Will you output all of the data below exactly, omitting the images?

** Dataset extract **

■ ■ ■

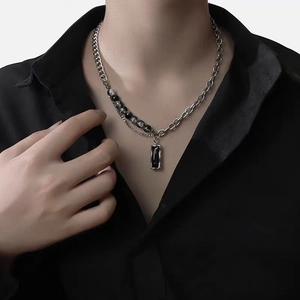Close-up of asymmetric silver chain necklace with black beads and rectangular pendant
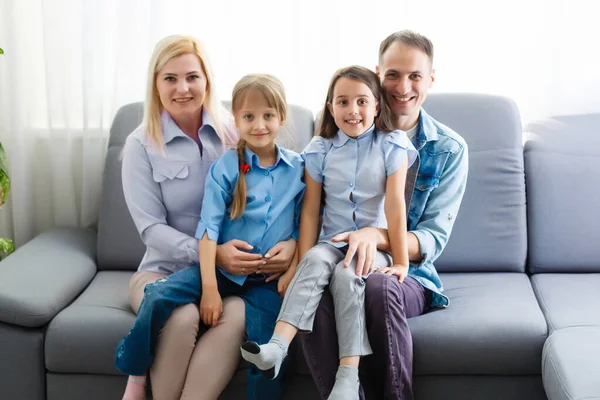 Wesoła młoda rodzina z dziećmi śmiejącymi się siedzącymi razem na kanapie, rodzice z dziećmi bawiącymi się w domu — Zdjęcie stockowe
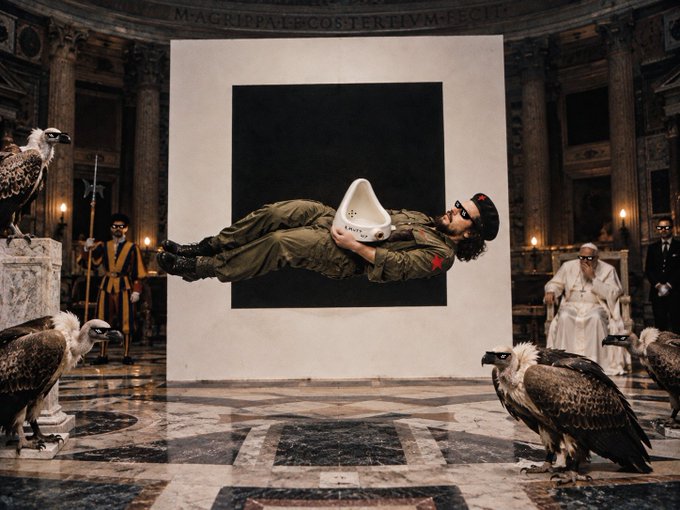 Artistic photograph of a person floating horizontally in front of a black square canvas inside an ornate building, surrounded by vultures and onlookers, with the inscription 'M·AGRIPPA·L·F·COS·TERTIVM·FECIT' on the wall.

■ ■ ■

** Solution to this exercise **
Close-up of asymmetric silver chain necklace with black beads and rectangular pendant
 Wesoła młoda rodzina z dziećmi śmiejącymi się siedzącymi razem na kanapie, rodzice z dziećmi bawiącymi się w domu — Zdjęcie stockowe
 Artistic photograph of a person floating horizontally in front of a black square canvas inside an ornate building, surrounded by vultures and onlookers, with the inscription 'M·AGRIPPA·L·F·COS·TERTIVM·FECIT' on the wall.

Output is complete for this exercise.